Reproduce verbatim all of the data given below, but do not carry over the images.

▶ _Data section_
= Beginning of Section =

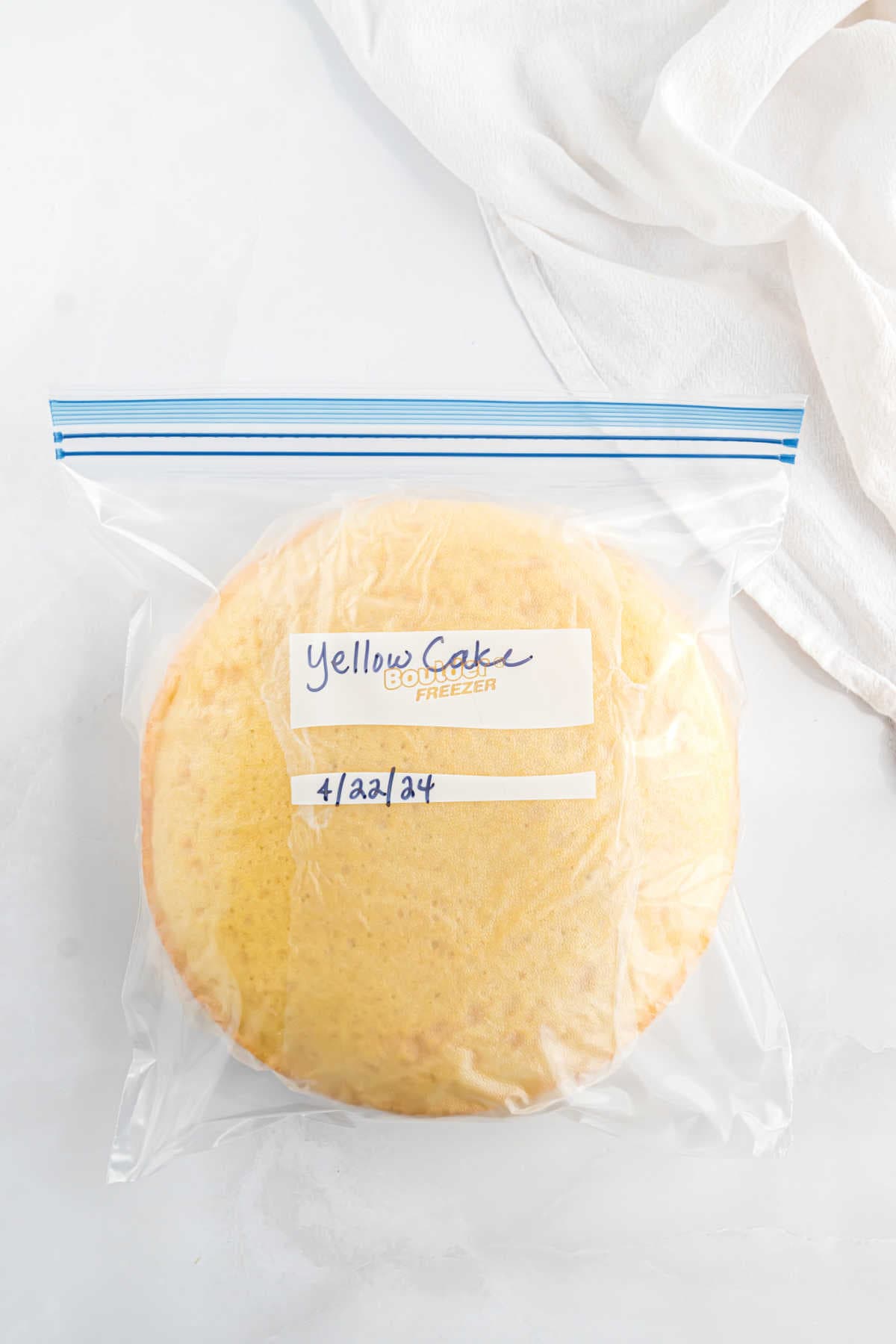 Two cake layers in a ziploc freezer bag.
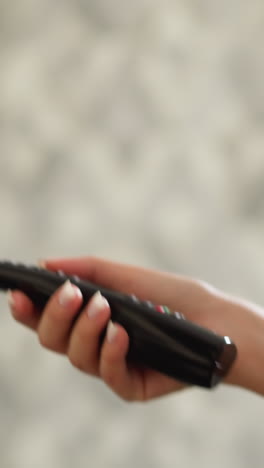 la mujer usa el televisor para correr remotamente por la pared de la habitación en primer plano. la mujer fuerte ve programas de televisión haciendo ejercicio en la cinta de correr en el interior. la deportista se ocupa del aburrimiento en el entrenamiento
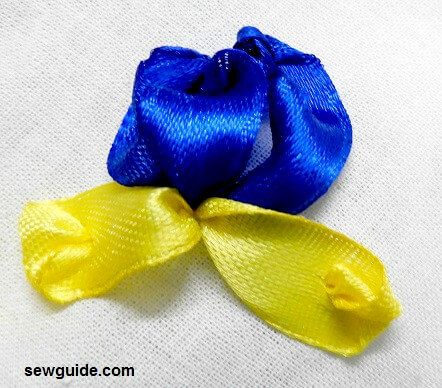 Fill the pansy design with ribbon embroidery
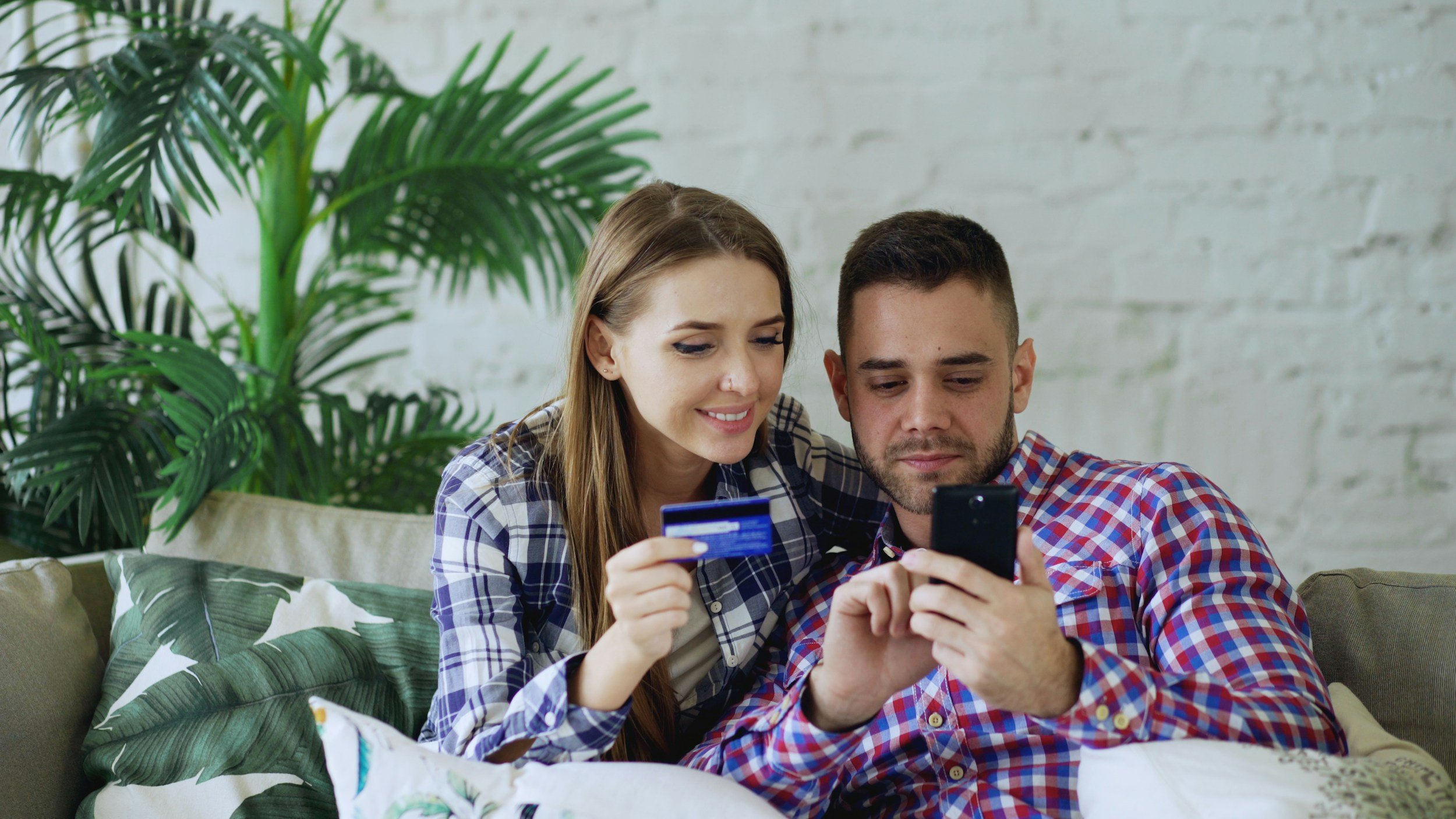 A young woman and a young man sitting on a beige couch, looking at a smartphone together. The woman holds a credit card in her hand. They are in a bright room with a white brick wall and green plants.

= End of Section =

▶ _Response_
 Two cake layers in a ziploc freezer bag.
 la mujer usa el televisor para correr remotamente por la pared de la habitación en primer plano. la mujer fuerte ve programas de televisión haciendo ejercicio en la cinta de correr en el interior. la deportista se ocupa del aburrimiento en el entrenamiento
 Fill the pansy design with ribbon embroidery
 A young woman and a young man sitting on a beige couch, looking at a smartphone together. The woman holds a credit card in her hand. They are in a bright room with a white brick wall and green plants.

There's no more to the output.